Mas os banqueiros do país ficaram furiosos com o plano do governo, que acabaria com os balanços patrimoniais ao varrer os acionistas e os maiores depositantes. Eles divulgaram sua própria contabilidade, a qual estima perdas abaixo da metade do valor oficial, em grande parte graças a uma estimativa ainda menos realista da taxa de câmbio futura do Líbano. “É o mesmo tipo de magia financeira que nos meteu nessa confusão”, diz Henri Chaoul, ex-consultor financeiro do governo.

Chaoul renunciou em junho, em protesto contra o impasse. O FMI ainda está conversando com o gabinete: eles fizeram uma reunião no dia 10 de julho, com foco no setor elétrico. Mas o fundo alertou que as negociações só irão progredir se o Líbano concordar com um conjunto de números, ou se o gabinete avançar com algumas reformas significativas, como demonstração de boa fé. Nada aconteceu. “É criminoso”, diz Alain Bifani, ex-diretor geral do ministério das finanças, que também deixou o cargo em protesto.
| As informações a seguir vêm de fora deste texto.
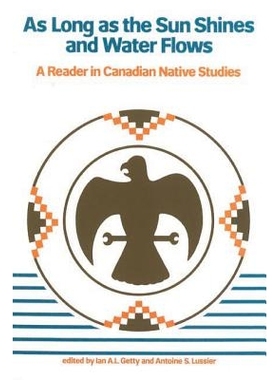 预订 As Long as the Sun Shines and Water Flows: A Reader in Canadian Native Studies: 9780774801843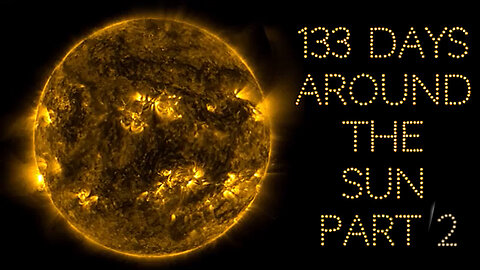 133 days around the Sun (part 2)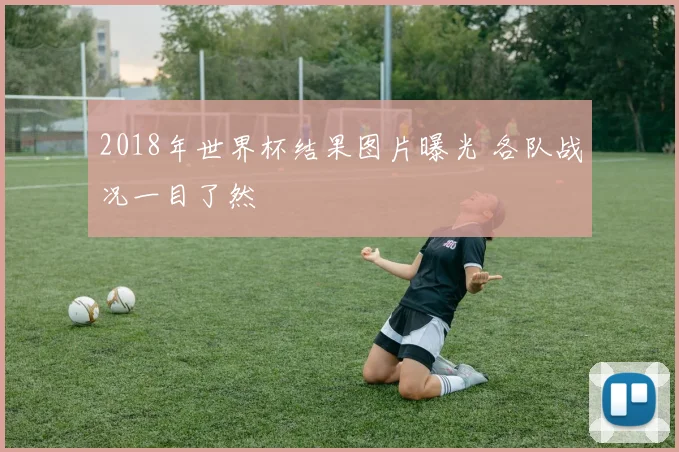 2018年世界杯结果图片曝光 各队战况一目了然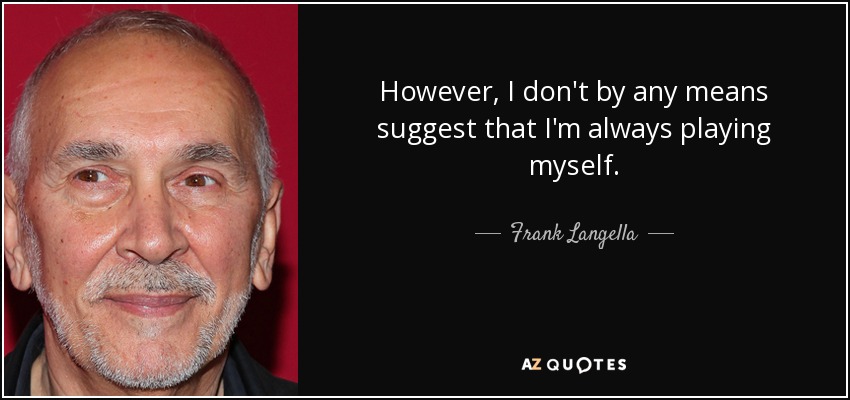 However, I don't by any means suggest that I'm always playing myself. - Frank Langella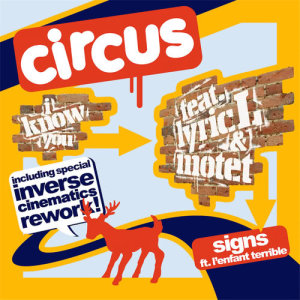 Listen to Signs song with lyrics from Circus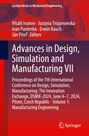 : Advances in Design, Simulation and Manufacturing VII, Buch
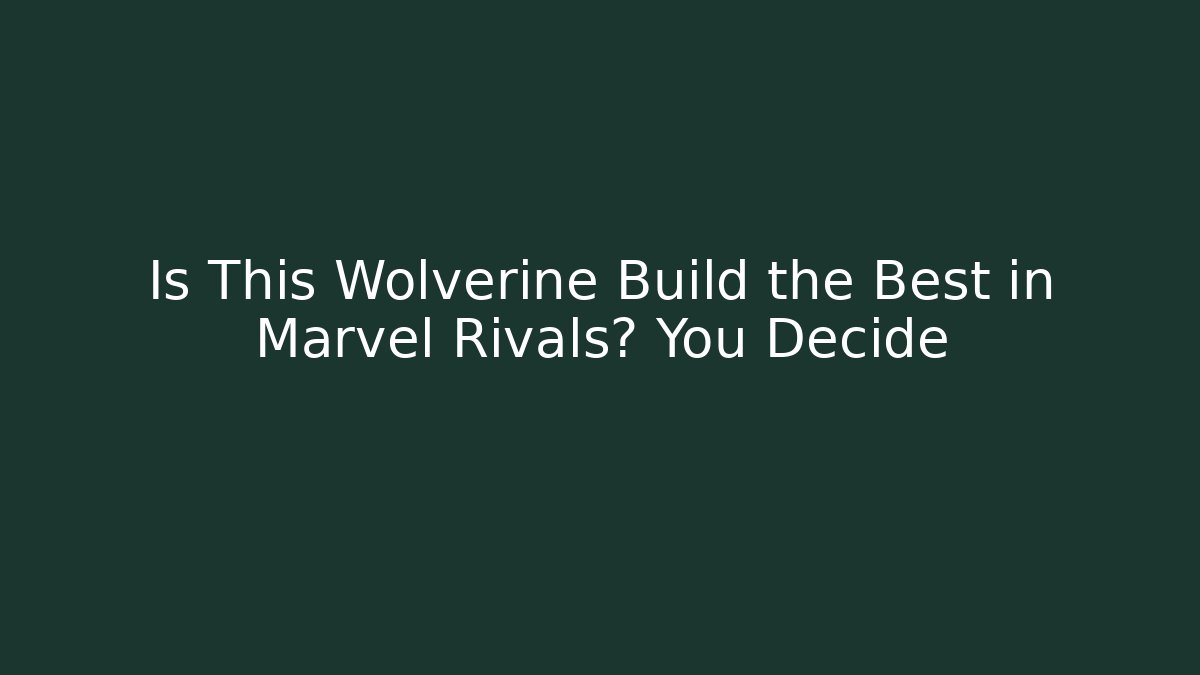 Is This Wolverine Build the Best in Marvel Rivals? You Decide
E, agora, some-se a tudo isto a devastação da capital libanesa. Só o reparo dos danos no porto custará centenas de milhões de dólares. Entre os prédios destruídos estava o principal silo de grãos do Líbano, deixando o país com menos de um mês de suprimento de trigo. Os proprietários de imóveis se perguntam como conseguirão dinheiro para pagar pelo vidro novo ou pelas esquadrias de alumínio.

Os donos de empresas, que mal conseguiam auferir algum lucro antes do desastre, dizem que vão desistir, em vez de reconstruir. O governo prometeu investigar e encontrar os culpados em cinco dias – tempo suficiente para apontar um bode expiatório, mas não para conduzir uma investigação séria.

Nas ruas, há raiva, mas também resignação. O Líbano sofreu muito em sua história moderna: uma guerra civil de 1975 a 1990, ocupações de Israel e da Síria, uma guerra ruinosa com Israel em 2006 e uma infinidade de outros conflitos e ataques. Os libaneses se orgulhavam de sua capacidade de se levantar e reconstruir sua sociedade. Agora parece diferente.

O modelo econômico fracassou, assim como o sistema de compartilhamento de poder que manteve a paz entre as religiões do país depois da guerra civil. Enquanto o país afunda, sua classe política venal parece distraída. Já se acabou o otimismo de outubro, quando centenas de milhares de libaneses saíram às ruas para exigir a derrubada de um regime entrincheirado. Agora, seus pensamentos estão se voltando cada vez mais para a emigração. / Tradução de Renato Prelorentzou.